In like manner, I agree we observe many flawed databases, but simply observing them neither proves nor disproves the efficacy of the process.
So, why do we observe badly designed databases?
In my experience, there are two main reasons why databases end up poorly designed.
- Even in this day and age it is relatively common to come across commercially available databases that were initially designed by specialists in the field that would be serviced by the database, rather than by professional database developers. Here I am thinking of accounting databases designed by accountants or HR systems designed by heads of personnel. These applications are often good in terms of the functionality they try to provide but very poor in terms of design.
- Equally sadly, but still true, we see commercial databases designed by ‘computer professionals’ who, with the best will in the world, are not trained database developers either and do not have a full understanding of the task and its ramifications. The design does not proceed according to the traditional model.
My experience (and that is all any of us can apply with certainty to issues like this) is that these two account for by far the majority of the poorly designed databases that I’ve come across.
So, do we observe any traditional databases that are well designed? Of course we do. There are plenty of examples but they’re usually unremarkable, invisible even. Well designed, well structured, they just work. In a perfectly fair world they would attract headlines like: “Shock Horror! Database comes in on time, below budget and works! Heads won’t roll!” But, for fairly obvious reasons, they don’t.

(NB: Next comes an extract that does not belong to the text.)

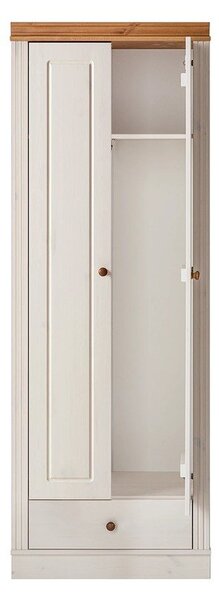 Bílá šatní skříň z borovicového dřeva 65x180 cm Anita – Støraa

Can the traditional model handle change?
Another major criticism aimed at TDBD by the EDBD community is that the traditional approach is poor at handling change. ‘Unfortunately, the traditional data community assumed that evolving database schemas is a hard thing to do and as a result never thought through how to do it.’
So, does TDBD have a mechanism for handling and implementing change? Oh, yes. Users propose a change and, following discussions to ascertain a full understanding of what is required, the change is incorporated into the logical model. This is echoed down to the physical model; a change schema is produced, tested and ultimately applied to the operational database. Does it work? In my experience, it works perfectly well when the process is neither over- nor under-managed, is properly resourced and applied intelligently.
Does it always work? Sadly not. It is demonstrably true that some traditional databases are very, very difficult to evolve. No question, this is also a serious problem and once again I think it is important to look at why. In my opinion, there are two main causes.
- The database is initially well designed and, in order to keep it so, the development team goes overboard with processes to control change management. The change process is made cumbersome to the point where it is unworkable. Changes can only be made very slowly; in practice, too slowly to be effective.
- The database is initially well designed but poor management thereafter prevents it from being properly maintained. Lip service is often paid to the need for a change management process but in practice ill-managed changes are rapidly and unintelligently applied to the database. These cause the structure to degrade over time, rendering it more and more difficult to change the schema.